2019年9月29日日曜日

島田荘司作「漱石と倫敦ミイラ殺人事件」(’A Study in 61 : Soseki and the Mummy Murder Case in London’ by Soji Shimada)–その2


英国留学のため、夏目漱石が短期間だけ滞在した最初の下宿があったガウアーストリート(Gower Street)–
中央に見えるガウアーストリート7番地(7 Gower Street)の建物は、
1848年9月、ジョン・エヴァレット・ミレー、
ウィリアム・ホルマン・ハントやダンテ・ゲイブリエル・ロセッティ達が
「ラファエル前派」と呼ばれる芸術グループを結成した場所である。

1900年(明治33年)5月、夏目漱石(本名:夏目金之助 / 1867年ー1916年)は、英語教育法研究のため、文部省より英国への留学を命じられ、同年9月10日に日本を出発した。

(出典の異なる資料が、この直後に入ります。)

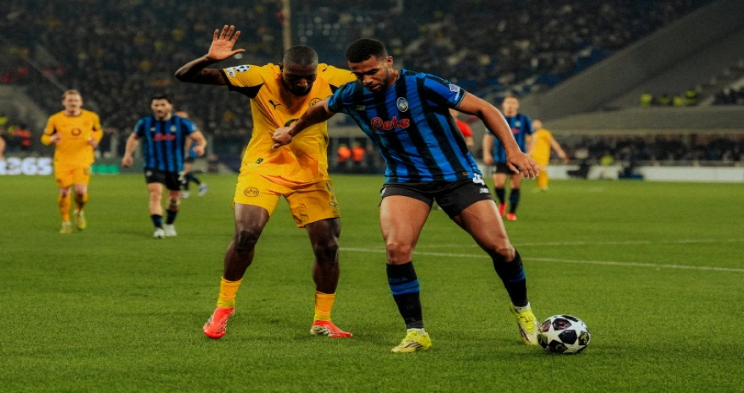 西托列斯比卡拉vs斯图特狮子直播_热门西托列斯比卡拉vs斯图特狮子直播频道直播_多维度西托列斯比卡拉vs斯图特狮子直播赛事高清直播平台-24直播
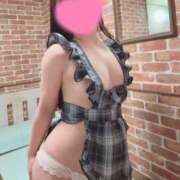 ヒメ日記 2025/04/27 15:34 投稿 笑えみり メイドin中野（東京ハレ系）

そして、彼は、藤代禎輔や芳賀矢一のドイツ留学組とパリで別れた後、英仏海峡を渡り、同年10月28日、英国に辿り着いた。晩秋の倫敦(ロンドン)で、彼は留学生活を始めることとなった。

夏目漱石は、ロンドン中心部のブルームズベリー地区(Bloomsbury)内のガウワーストリート(Gower Street)沿いの下宿に入り、一旦荷を解いたが、下宿代が非常に高かったため、もっと安い下宿を早急に探す必要があった。ガウワーストリートの下宿代は、当時の日本円に換算すると、週40円以上で、東京では2ヶ月分の月給に相当していた。


夏目漱石が2番目の下宿に決めたのは、ロンドン北西部のサウスハムステッド地区(South Hampstead)内にあるプライオリーロード(Priory Road)の高台にあった。そして、同年11月12日、彼はガウワーストリートの下宿から新しい下宿へと移って来た。新しい下宿は、木立に囲まれた赤煉瓦造りの一戸建てで、下宿代は週24円と、ガウワーストリートの下宿よりかなり安くなったものの、それでも高いと彼は感じていた。

夏目漱石がプライオリーロードの下宿に移って来て、少し経った同年12月初旬のある夜、彼が寝床でうとうとしていると、パチンと何かが爆ぜるような不審な物音を聞いたのである。最初はごく小さな音だったが、次第に大きくなってくるように聞こえた。当初は不審な物音だけだったが、息遣いのような音が更に聞こえてきて、次の夜には、「出て行け…。この家から出て行け…」という囁くような声に変わった。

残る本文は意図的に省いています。